RECORDS PROVIDED
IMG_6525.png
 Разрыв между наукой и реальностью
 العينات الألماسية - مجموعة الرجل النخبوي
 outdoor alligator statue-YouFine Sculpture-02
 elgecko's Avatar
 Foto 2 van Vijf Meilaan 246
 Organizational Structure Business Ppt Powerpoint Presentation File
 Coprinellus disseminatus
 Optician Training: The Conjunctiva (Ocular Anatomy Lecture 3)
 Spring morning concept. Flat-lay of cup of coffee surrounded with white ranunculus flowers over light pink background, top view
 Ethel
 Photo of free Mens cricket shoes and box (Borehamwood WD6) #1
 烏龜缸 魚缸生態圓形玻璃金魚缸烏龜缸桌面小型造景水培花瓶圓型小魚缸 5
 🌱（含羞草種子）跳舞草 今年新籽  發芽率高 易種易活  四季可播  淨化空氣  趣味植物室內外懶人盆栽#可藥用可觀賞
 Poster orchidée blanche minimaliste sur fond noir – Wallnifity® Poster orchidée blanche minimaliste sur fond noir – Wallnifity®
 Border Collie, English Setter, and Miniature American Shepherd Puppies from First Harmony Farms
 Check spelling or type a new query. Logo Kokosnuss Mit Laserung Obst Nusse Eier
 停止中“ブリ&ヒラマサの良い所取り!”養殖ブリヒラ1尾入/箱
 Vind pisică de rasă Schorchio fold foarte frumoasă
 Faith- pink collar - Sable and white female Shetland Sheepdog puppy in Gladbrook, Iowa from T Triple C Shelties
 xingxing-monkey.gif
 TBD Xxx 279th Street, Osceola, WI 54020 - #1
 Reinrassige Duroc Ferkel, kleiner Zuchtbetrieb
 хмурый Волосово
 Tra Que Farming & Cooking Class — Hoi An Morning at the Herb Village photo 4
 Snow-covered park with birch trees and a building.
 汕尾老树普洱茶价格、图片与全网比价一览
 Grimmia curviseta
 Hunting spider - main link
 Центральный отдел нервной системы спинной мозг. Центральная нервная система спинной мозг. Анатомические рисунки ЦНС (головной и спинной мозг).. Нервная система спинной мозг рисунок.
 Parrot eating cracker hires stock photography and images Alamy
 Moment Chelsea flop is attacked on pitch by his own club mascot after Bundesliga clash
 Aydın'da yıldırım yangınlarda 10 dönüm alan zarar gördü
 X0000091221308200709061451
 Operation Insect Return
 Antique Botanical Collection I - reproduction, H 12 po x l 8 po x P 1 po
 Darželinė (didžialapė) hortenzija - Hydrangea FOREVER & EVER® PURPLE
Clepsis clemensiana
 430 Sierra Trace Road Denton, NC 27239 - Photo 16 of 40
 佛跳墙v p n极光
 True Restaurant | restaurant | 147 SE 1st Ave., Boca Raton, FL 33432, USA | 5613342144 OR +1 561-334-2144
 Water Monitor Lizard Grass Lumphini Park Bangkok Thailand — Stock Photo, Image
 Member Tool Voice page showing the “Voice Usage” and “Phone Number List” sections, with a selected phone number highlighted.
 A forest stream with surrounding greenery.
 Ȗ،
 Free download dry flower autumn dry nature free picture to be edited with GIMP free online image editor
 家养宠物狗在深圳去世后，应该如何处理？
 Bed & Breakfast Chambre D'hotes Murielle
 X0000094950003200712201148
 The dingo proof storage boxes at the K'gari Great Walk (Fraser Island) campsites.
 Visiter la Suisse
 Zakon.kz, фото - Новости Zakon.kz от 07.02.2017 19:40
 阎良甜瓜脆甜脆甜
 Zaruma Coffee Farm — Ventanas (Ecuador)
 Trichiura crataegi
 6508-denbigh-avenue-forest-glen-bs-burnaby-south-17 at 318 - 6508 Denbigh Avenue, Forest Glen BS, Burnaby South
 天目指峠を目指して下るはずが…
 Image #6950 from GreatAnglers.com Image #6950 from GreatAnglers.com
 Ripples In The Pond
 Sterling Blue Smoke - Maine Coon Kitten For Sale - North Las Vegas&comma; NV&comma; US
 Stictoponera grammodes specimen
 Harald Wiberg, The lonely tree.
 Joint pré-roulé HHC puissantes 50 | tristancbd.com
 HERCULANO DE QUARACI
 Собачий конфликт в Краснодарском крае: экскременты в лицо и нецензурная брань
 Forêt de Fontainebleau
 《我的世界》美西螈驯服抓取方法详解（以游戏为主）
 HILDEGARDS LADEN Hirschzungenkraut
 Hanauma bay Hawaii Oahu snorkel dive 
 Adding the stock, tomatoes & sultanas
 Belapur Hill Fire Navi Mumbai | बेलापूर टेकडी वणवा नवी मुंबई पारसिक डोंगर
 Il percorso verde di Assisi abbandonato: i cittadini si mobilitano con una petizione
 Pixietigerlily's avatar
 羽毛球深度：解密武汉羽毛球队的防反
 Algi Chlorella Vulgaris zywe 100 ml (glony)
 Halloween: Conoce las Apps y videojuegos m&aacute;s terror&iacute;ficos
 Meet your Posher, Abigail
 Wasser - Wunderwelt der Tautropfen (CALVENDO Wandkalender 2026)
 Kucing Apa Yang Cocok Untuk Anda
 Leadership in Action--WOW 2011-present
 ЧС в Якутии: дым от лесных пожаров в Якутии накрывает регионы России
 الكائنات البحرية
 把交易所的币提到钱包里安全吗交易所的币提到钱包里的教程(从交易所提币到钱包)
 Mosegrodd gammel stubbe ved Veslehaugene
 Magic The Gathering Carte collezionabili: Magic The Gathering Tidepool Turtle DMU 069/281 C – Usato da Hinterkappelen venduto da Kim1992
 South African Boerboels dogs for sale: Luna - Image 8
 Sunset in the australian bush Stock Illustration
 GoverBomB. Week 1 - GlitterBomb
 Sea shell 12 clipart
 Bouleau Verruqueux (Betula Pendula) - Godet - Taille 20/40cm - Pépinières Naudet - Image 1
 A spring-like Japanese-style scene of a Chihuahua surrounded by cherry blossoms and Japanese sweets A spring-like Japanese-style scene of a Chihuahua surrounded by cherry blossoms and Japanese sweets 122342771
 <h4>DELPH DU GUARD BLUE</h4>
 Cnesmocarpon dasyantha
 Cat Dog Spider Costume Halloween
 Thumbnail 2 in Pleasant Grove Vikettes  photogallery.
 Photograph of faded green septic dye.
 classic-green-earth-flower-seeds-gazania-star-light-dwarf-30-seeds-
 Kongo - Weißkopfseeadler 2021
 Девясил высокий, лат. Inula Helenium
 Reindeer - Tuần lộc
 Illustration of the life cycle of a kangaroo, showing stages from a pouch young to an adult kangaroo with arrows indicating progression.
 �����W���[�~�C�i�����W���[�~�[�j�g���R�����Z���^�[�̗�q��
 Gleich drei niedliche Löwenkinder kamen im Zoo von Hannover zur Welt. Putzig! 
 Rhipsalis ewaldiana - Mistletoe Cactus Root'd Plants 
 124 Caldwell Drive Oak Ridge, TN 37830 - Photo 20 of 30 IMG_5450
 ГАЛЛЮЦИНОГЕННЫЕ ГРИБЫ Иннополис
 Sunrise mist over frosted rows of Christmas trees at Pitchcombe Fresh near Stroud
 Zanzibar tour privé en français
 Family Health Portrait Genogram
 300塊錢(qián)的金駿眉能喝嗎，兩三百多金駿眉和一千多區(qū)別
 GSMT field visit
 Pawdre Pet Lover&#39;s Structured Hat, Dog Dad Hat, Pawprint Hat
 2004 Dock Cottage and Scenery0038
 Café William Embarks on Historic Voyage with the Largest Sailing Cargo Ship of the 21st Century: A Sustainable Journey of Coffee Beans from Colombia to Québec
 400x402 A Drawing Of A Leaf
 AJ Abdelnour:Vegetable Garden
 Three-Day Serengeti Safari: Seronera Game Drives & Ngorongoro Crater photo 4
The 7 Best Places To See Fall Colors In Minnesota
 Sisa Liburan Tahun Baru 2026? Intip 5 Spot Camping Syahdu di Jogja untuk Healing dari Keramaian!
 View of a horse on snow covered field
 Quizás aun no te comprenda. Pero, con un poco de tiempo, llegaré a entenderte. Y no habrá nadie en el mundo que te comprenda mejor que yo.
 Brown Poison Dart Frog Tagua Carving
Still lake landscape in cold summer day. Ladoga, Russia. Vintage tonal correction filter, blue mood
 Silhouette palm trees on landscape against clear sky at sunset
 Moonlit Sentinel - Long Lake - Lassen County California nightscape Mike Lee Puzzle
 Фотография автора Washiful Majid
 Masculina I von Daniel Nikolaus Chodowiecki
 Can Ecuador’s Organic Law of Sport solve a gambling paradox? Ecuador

TASK DETAILS
Search the entries for the word "showing" and copy every line that holds it.

TASK RESULT
 Member Tool Voice page showing the “Voice Usage” and “Phone Number List” sections, with a selected phone number highlighted.
 Illustration of the life cycle of a kangaroo, showing stages from a pouch young to an adult kangaroo with arrows indicating progression.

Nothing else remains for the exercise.